Metro: Mayors to meet

2008-04-23 00:00

The Msunduzi Municipality's submission to the Municipal Demarcation Board (MDB) is based on three premises.

Firstly that it more than meets the criteria to be called a metro city.

Secondly that it already operates as a de facto metro since it continues to perform all the functions that were supposed to be taken away and managed by the uMgungundlovu District.

Finally, that the level of growth and development in this area has reached a stage where there needs to be integrated planning under one municipality.

Currently it is impossible to efficiently manage the process when two and three different municipalities are involved.

The criteria set out by the MDB are that an area can become a metro if it has a conurbation featuring:

Areas of high population density;

An intense movement of people, goods and services;

Extensive development and multiple business districts and industrial areas;

A centre of economic activity with a complex and d diverse economy;

A single area for which integrated development planning is desirable and;

Strong interdependent social and economic linkages between its constituent units.

In his submission Msunduzi Municipal Manager, Rob Haswell says Msunduzi and surrounding areas more than meets the criteria.

* The area is a conurbation of almost continuous urban development extending from Camperdown in the south through Pietermaritzburg, Hilton, and to beyond Howick in the North.
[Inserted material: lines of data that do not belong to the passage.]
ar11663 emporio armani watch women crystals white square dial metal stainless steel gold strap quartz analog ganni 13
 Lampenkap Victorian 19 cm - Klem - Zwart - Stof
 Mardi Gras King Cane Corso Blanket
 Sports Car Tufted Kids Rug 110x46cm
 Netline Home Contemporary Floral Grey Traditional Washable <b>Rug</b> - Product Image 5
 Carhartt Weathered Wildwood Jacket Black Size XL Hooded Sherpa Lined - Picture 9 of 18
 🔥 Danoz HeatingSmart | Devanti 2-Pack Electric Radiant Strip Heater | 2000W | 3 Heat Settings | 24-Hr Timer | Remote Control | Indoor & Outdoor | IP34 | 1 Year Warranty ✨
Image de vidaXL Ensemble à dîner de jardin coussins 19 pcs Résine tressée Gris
In essence it is a conurbation which straddles the N3. The population density exceeds 200 people per square kilometre.

* There is intense movement of people goods and services, within this area, leading to the South African National Roads Agency already carrying out and intending to carry out major alterations to main intersections and bridges across the N3.

Road traffic per month on the main arterial road into Pietermaritzburg has increased from 950 000 in 2003 to 1 100 000 in 2007.

Similarly the city's shopping centres now attract some 1,8 million shoppers per month with as many as 2,5 million recorded in December 2007.

Haswell says bearing in mind that the population of them Msunduzi Municipal area is only 600 000, Pietermaritzburg is clearly attracting large numbers of people from outside its current boundary.

* Extensive development in the area, including the 500 site residential and office park development at the Victoria Country Club Estate; a 250 site residential Garlington Estate in the uMngeni municipal area; the greater Edendale project and the proposed development of two industrial parks on either side of the Msunduzi/Mkhambathini municipal area boundary.

* The submission includes extensive information from economist Clive Coetzee's quarterly business reports on the growth of the area's economy including the fact that since 2004 when Pietermaritzburg became the capital of KwaZulu-Natal, business confidence and investment has soared with the number of businesses increasing from 6 957 in January 2003 to 9 052 in December 2007.

Msunduzi Municipality already operates as a de facto metro:

According to Haswell, since its inception Msunduzi has continued to perform all of the power and functions designated to the district.

These include running the regional airport with five daily return flights from Pietermaritzburg to Johannesburg; overseeing a regional fresh produce market with an annual turnover in excess of R200 million, managing the regional landfill site and cemeteries as well as a regional stadium.

In addition, the Msunduzi Municipality is a water service authority, and its electricity supply area, already extends beyond its municipal boundary to include the Hilton area which lies in the uMngeni municipality.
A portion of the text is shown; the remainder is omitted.